As many of you may know, Big Data has added a 4th ‘V’ to it’s definition – the concept of Veracity. Oh wait, apparently a 5th and 6th ‘V’ have been added – Value and Viability. A 7th? Not yet? It’s only a matter of time. I nominate vaticination.
Since Veracity was suggested by IBM, I’ll focus on this one for now. Veracity is meant to represent the fact that Big Data contains a lot of noise and error that can easily obscure the ‘truth’ that exists within the data. The data tend to be so big and move so quickly that standard data cleaning and management procedures are difficult to apply. As a result, the trustworthiness of Big Data is an important fact to consider and to question.

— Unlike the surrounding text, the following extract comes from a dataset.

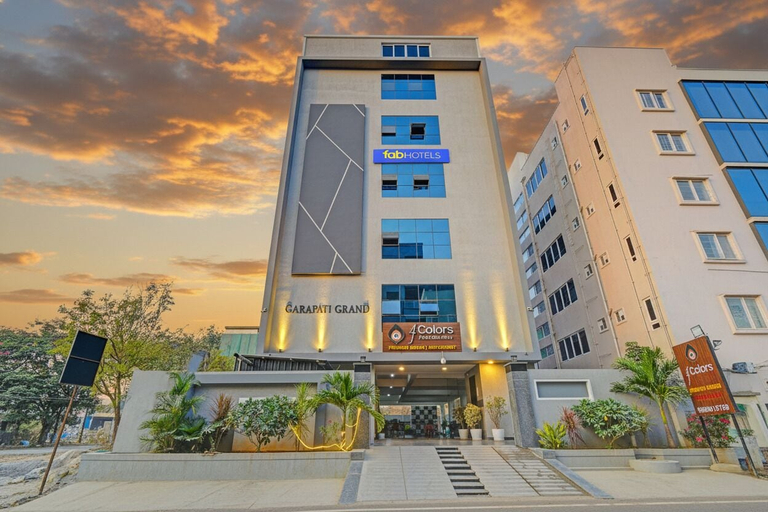 Primary image, Fabhotel Garapati Grand, Hyderabad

However, we have to recognize that Veracity cannot be singularly defined for a given set of data. It depends on the question the data is answering and the purpose for which the data is being collected. For instance, let’s say I have a massive dataset of all the local deliveries made by a construction supply company. This dataset contains information on every order over the last year, and includes the products in each order, the customer who ordered it, the site it was delivered to, and whether the delivery was on-time. This data could have high veracity when answering a question about problem areas or problem products for on-time delivery. However, it will have lower veracity when answering a question about the next product a customer is going to order. This particular dataset will be missing information about will-call orders, returns, and detailed customer demographics – all things that would be important for creating a next-best offer model.

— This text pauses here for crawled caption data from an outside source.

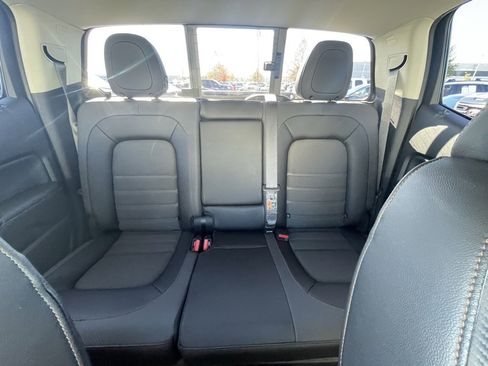 Used 2022 GMC Canyon AT4 w/ Trailering Package image 26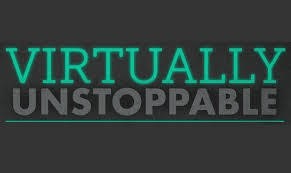 Virtually Unstoppable Graphic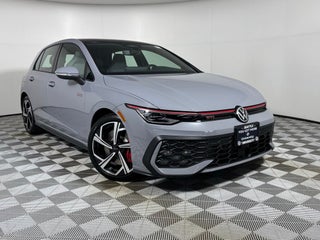 2026 Volkswagen Golf GTI 2.0T SE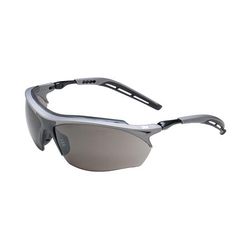 3M 14247-00000-20 Maxim(TM) GT Protective Eyewear, Gray Anti-Fog Lens, Metallic Gray Black Frame, - Micro Parts & Supplies, Inc.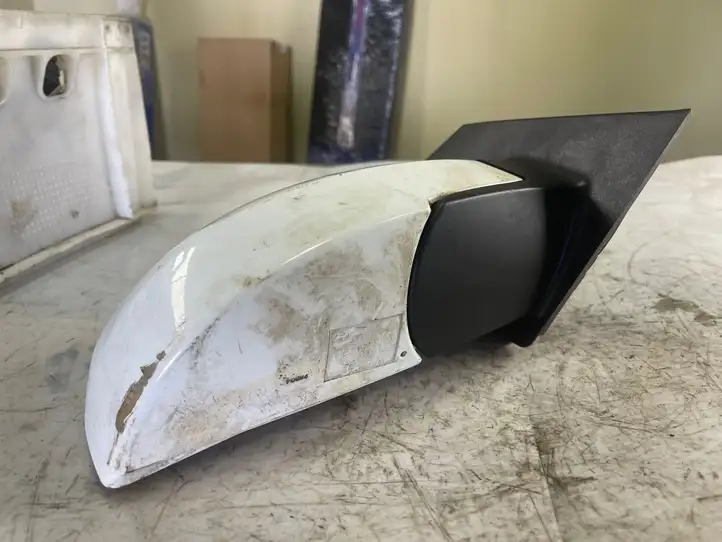 Hyundai Getz (2005 - 2011) 012190 Боковое зеркало с электроприводом — фото 4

In my opinion, we spend too much time trying to define Big Data, and not enough time figuring out what data and analytic approaches are necessary to answer key business questions. The discussion and scoping of Big Data is an important discussion to have. Harnessing and understanding Big Data will lead to new questions and new answers for the world, but there are still plenty of big questions that need to be answered in the meantime using whatever size and type of data we have available.